Review of Fair Game

Fair Game (1986)
6/10
An interesting Aussie take on the classic female revenge flick
2 August 2010
Warning: Spoilers
This Australian Outback tale of the standoff between a brave, beautiful woman and a trio of bullying hunters is notable for two things.

1. How many times people DON'T get killed. 2. The way its conflict is grounded in normal human behavior gone awry, instead of being spawned by abnormal evil.

Jessica (Cassandra Delany) runs a ramshackle animal sanctuary in the Australian wilds. Her husband is away and the local cop refuses to help as she's harassed by three men hired by local farmers to shoot kangaroos. In their tricked-out jeep, complete with shooting perch and a handlebar mustache front bumper, the handsome Sony (Peter Ford), frantic Ringo (David Sandford) and chubby Sparks (Garry Who) begin bothering Jessica as an act of boorish bravado. The more Jessica stands up to their taunts and manhandling, however, the more aggressive and violent the hunters become until what began as almost a form of roughhouse flirting turns into a life-or-death struggle for dominance.
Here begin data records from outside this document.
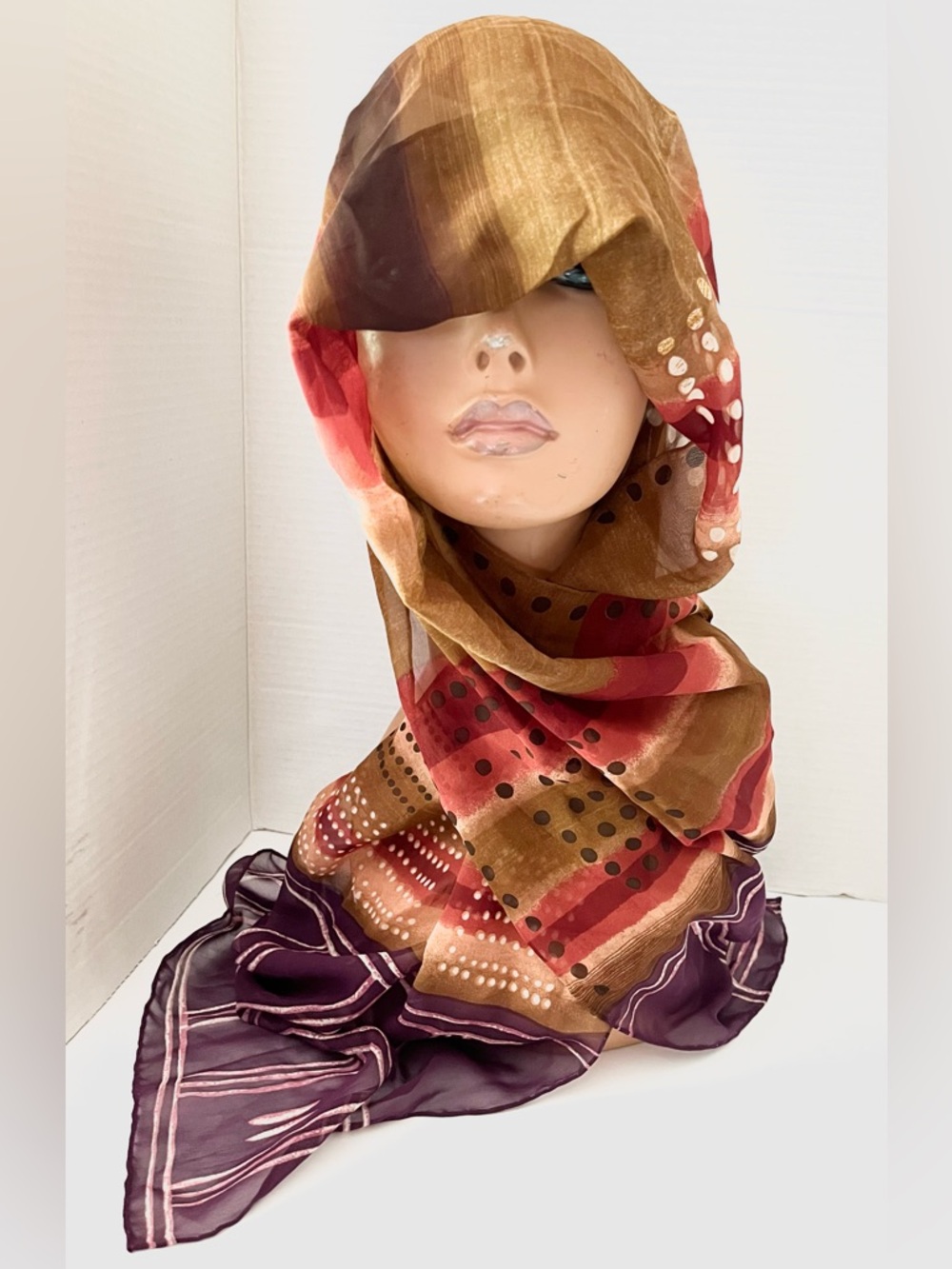 Halston Sheer Rectangular Silk Scarf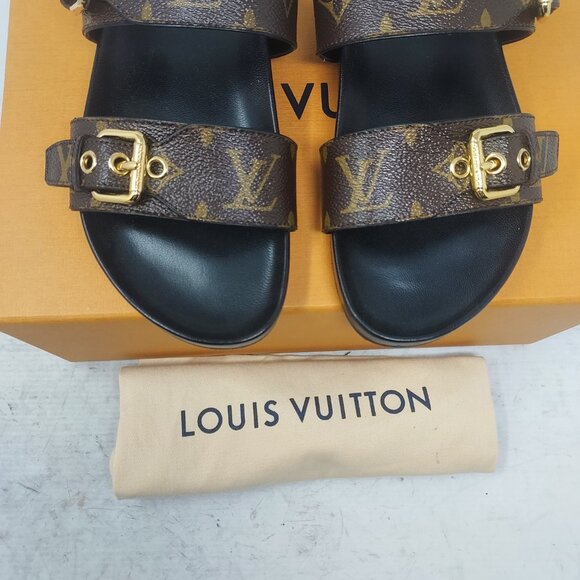 Louis Vuitton Brown Buckle Bom Dia Monogram Flat Slide Sandal - Picture 7 of 13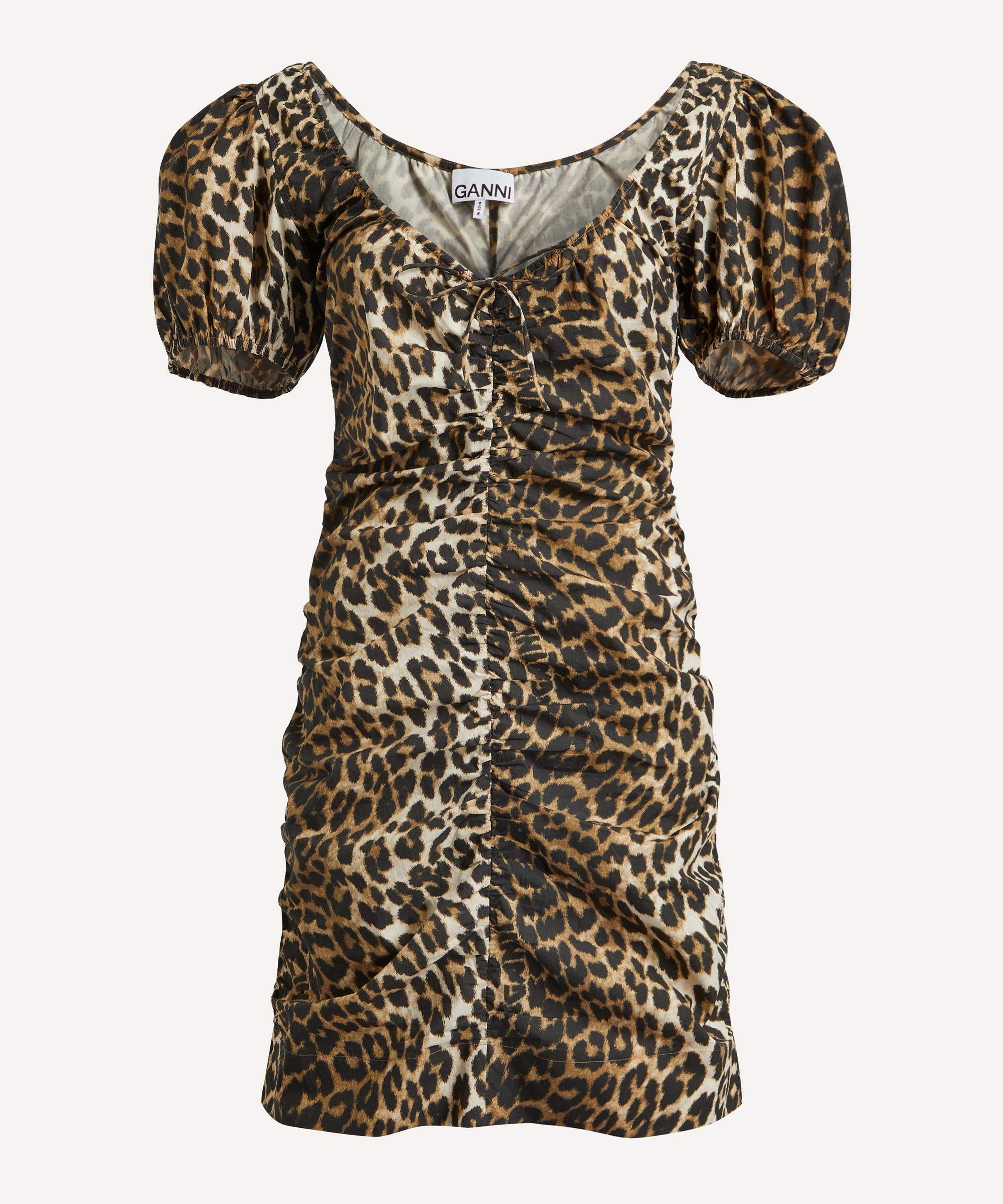 Leopard-Printed Gathered U-Neck Mini-Dress - 1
Fair Game is an enjoyable little thriller, for its effective execution, wonderful Down Under scenery and for its different spin on the classic female revenge story. The whole "woman being set upon by men until she fights back" is one of the foundations of the American exploitation film. The U.S. version is almost always about the victim turning the tables on her victimizers. These Aussie filmmakers take that concept in a refreshingly interesting direction. Jessica is never just hapless prey and the hunters aren't psycho killers. Jessica is a frontier woman defending her home and her dignity. The hunters are never monsters. They're unthinking, adrenaline-seeking jackasses who simply don't care how their behavior bothers or even endangers others. It's only when Jessica refuses to back down and accept their crude, schoolboy torments that their behavior lethally escalates.

Redefining this conflict as a battle of wills makes for a much more entertaining film. The fact that at certain points in the movie, Jessica is the one who actually elevates her fight with the hunters to a new level of intensity gives depth to an otherwise basic plot. Making the woman a proactive participant in her clash with these men enlivens all of the characters and engages the viewer on a different level. When the hunters repeatedly have Jessica at their mercy and decide not to harm her, it makes them more than just avatars of our brutal voyeurism.

The dialog here is nothing to write home about and there are a few moments where something happens that doesn't seem to be possible. That's more than compensated for by the, at times, startling nudity of Cassandra Delaney.

Fair Game is a thriller that's more intellectually intriguing than emotionally gripping, but it's still worth watching.